[EXERCISE INPUTS — start]

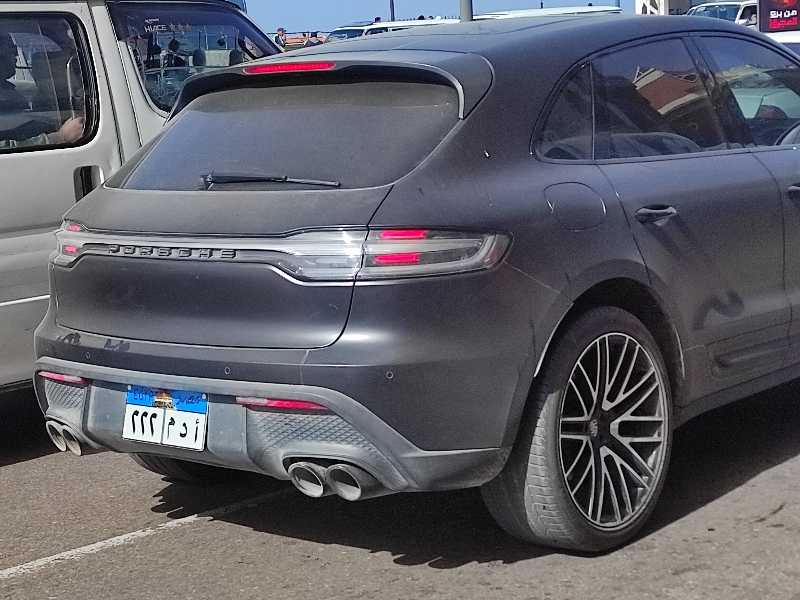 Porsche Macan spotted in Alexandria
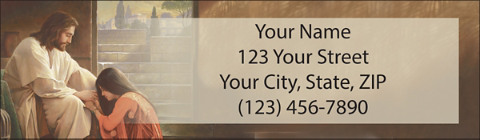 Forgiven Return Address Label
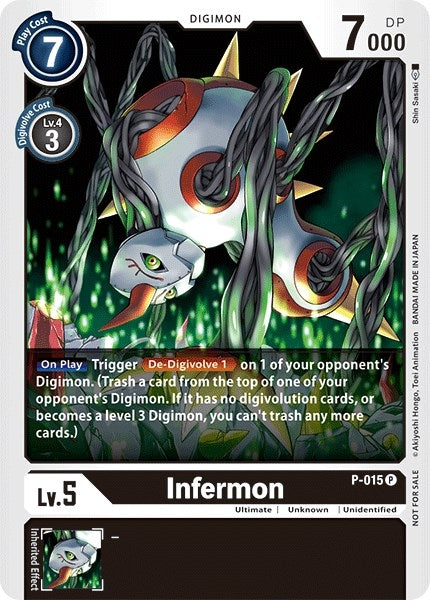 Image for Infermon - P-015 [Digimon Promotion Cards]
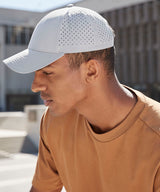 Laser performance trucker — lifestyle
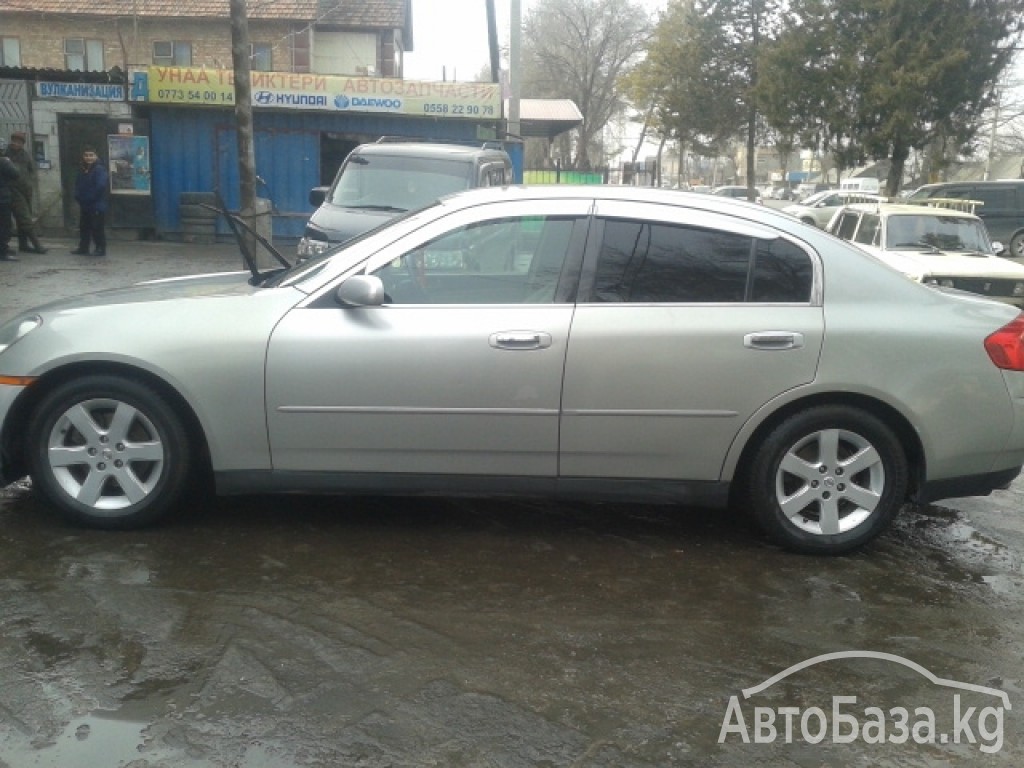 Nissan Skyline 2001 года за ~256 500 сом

[EXERCISE INPUTS — finish]
[EXERCISE INPUTS — start]

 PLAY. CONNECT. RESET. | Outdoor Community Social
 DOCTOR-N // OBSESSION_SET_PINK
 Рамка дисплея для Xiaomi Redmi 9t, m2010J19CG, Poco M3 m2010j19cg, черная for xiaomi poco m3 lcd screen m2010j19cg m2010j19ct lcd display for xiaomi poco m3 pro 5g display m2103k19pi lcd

[EXERCISE INPUTS — finish]

** TASK **
Nothing but the lines above from the line with "Forgiven Return Address Label" up to and including the line with "Nissan Skyline 2001 года за ~256 500 сом" should be returned, exactly as written and without pictures.

** RESULT BELOW **
 Forgiven Return Address Label
 Image for Infermon - P-015 [Digimon Promotion Cards]
 Laser performance trucker — lifestyle
 Nissan Skyline 2001 года за ~256 500 сом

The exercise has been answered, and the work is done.